Tuesday, January 10, 2006

The Castle Built of Sand

Since I started Wikraffiti with friends, I've had ample time to scour the edit histories of articles on Wikipedia. MY objective in these searches is, unsurprisingly, to find amusing vandalism (as opposed to wholely purile, offensive, or incoherent vandalism). Wikipedians have adopted an approach that makes finding vandalism really, really easy, actually: anything an article is reverted, a little "rv" or "Reverted to" comment is made. What this has let me do is get a sense of the global frequency of vandalism.

What I'm beginning to find is a little worrisome to me. The largest, most general articles (e.g. Abraham Lincoln) are vandalised a half-dozen times a day, with very, very few meaningful contributions. It's as though an article reaches a certain maturity (where nothing more can readily be added), and from that point on, it's a battle to keep the article intact as droves of dumbasses descend on it from on-high. It's like I built a castle out of sand, but as it becomes a popular attraction, all I do anymore is follow people around repairing the damage they do, rather than improving the place.
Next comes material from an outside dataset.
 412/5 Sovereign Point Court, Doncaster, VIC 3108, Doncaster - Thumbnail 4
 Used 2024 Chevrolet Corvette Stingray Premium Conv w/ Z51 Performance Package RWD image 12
What this might be a sign of is the early stages of a more mature Wikipedia (or any wiki, for that matter), where many major topics are as good as they can reasonably be expected to be, but receive constant pageviews, guaranteeing that assholes will vandalize it. In a way, it's a nightmare scenario compared to the much more enjoyable process of building a major article from scratch. Wikipedia's major success has, in large part, relied on the overall pleasantness of the process, allowing people to actually share their knowledge with the world in a meaningful way. What happens, however, when the areas that require expansion increasingly tend to be new trends and products, celebrities, and opaque technical terminology? The day-in, day-out slog of constantly rebuilding the fort as people proceed to trample it can't be especially pleasant.

The question is: can Wikipedia reach a saturation point where it can no longer sustain growth in areas of general interest, which in turns weakens its currently iron-clad reliability thanks to the constant attention of a host of dedicated Wikipedians? If Wikipedia cannot continue to replace active Wikipedians at the rate it looses them, will the quality "peak" and suddenly become less reliable?

Phenomena like Wikipedia are so new that it's impossible to say precisely how it will play out. Already, the counterintuitive success of open-source and community projects has many scratching their heads, and where things go next is a big (and admittedly exciting) unknown. The prospect that these are the golden times for now-big projects like Wikipedia is worrisome, though, not only because Wikipedia might get less good, but because at a more general levels, projects such as these (i.e. those that work on a centralized core of information) may stagnate.

For my part, I certainly hope people will act more maturely than that, but that's never a proposition I'm willing to back up with cash. A sucker's bet, if you will.